Ich glaube, das ganze Dilemma begann, als es irgendwann üblich wurde, alle Menschen, die aus islamischen Ländern kamen, als Muslime zu bezeichnen, ob sie wollten oder nicht. Eines Tages waren sie nicht mehr Iraner, Türken, Syrer, Iraker, sondern Muslime.

Damit folgte unser Sprachgebrauch genau dem islamischen Gesetz, nachdem jeder, der durch Abstammung als Muslim geboren wurde, ein Leben lang Muslim bleibt, ob er will oder nicht. Apostaten droht der Tod. Dabei würden die Türken und Syrer, die ich kenne, befragte man sie nach ihrem Selbstverständnis, alles Mögliche antworten: Deutsche, Deutschtürken, Deutschsyrer, Schauspieler, Jurist, Soziologin, Schriftsteller.

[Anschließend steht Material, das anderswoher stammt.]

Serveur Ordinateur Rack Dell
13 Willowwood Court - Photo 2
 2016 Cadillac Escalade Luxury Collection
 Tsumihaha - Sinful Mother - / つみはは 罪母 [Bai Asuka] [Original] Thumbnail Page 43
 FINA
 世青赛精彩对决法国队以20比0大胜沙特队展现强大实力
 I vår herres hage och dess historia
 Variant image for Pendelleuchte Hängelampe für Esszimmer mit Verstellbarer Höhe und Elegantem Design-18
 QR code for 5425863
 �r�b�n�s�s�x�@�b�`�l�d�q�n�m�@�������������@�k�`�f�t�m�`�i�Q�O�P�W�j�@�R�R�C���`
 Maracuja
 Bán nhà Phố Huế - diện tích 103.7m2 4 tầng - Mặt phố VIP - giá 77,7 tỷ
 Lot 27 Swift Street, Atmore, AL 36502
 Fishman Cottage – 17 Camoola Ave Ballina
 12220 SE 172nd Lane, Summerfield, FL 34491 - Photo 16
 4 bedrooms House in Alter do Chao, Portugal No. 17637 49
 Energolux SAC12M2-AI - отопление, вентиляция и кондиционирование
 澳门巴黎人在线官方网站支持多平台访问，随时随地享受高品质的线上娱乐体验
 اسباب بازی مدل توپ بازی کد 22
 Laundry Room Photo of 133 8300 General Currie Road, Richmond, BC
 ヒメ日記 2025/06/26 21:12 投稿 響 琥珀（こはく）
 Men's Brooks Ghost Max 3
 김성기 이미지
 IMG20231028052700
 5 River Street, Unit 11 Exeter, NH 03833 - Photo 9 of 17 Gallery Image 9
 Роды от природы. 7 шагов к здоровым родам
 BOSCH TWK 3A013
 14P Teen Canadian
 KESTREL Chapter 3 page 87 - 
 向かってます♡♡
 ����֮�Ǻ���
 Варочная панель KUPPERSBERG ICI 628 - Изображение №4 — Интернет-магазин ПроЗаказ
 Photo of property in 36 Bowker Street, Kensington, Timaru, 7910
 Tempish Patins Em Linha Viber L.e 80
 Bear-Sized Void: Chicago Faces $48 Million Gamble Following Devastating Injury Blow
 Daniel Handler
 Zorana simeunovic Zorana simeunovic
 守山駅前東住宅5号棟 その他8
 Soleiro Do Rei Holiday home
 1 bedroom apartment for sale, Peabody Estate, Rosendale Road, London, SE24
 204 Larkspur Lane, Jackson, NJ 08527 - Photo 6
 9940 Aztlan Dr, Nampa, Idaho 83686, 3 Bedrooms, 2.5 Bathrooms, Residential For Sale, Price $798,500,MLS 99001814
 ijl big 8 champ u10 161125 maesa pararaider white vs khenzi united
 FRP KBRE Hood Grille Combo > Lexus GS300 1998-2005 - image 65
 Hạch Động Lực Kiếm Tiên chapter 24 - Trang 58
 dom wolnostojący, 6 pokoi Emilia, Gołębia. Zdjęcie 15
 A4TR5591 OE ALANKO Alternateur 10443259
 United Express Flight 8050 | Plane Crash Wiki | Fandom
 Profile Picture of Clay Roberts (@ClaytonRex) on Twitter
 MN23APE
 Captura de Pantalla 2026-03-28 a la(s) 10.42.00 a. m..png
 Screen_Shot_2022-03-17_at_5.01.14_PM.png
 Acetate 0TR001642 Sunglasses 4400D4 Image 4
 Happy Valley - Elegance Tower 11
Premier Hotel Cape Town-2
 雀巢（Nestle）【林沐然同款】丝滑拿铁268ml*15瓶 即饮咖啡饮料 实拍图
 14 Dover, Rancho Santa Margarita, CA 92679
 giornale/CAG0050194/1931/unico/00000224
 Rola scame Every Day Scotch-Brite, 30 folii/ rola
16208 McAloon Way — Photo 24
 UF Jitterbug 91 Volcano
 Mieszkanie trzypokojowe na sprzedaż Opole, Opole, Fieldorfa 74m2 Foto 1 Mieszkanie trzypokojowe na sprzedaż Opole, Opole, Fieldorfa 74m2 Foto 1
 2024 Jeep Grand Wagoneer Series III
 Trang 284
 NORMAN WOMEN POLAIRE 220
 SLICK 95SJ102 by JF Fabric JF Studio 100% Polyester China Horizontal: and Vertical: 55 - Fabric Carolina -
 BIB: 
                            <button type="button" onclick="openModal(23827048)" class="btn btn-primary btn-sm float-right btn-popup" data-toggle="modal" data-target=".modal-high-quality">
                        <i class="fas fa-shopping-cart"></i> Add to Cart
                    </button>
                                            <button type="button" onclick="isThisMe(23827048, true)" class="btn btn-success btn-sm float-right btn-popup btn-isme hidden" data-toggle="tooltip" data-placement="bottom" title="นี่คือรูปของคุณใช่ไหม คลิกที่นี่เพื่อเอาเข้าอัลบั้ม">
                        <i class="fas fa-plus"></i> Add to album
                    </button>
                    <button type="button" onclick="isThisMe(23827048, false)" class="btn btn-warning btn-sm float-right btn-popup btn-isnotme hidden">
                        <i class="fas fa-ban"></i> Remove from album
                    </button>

Iraner, Syrer, Ägypter, Türken

Auf keinen Fall würden sie behaupten, vor allem anderen Muslime zu sein, zumal einige von ihnen Christen sind, andere die Religion eher als Geschichte verstehen, ohne zu glauben. Aber in der deutschen Diskussion sind sie alle zu Muslimen geworden, in deren Namen nun Ayman Mazyek, Herr Alboga und Frau Özoguz ihre Ansprüche an alle anderen stellen.

Wenn man aber die Iraner, Iraker, Syrer, Ägypter, Türken ihrer nationalen Identität beraubt und sie stattdessen unter einer religiösen Identität vereint, bleibt das nicht ohne Folgen für alle anderen, die dann auch keine Deutschen mehr sind, sondern denen in Ermangelung einer gemeinsamen Religion eben die Bezeichnung Nichtmuslime verpasst wird; oder in der schlichten Sprache der deutschen Bundeskanzlerin „Menschen, die schon länger hier leben“.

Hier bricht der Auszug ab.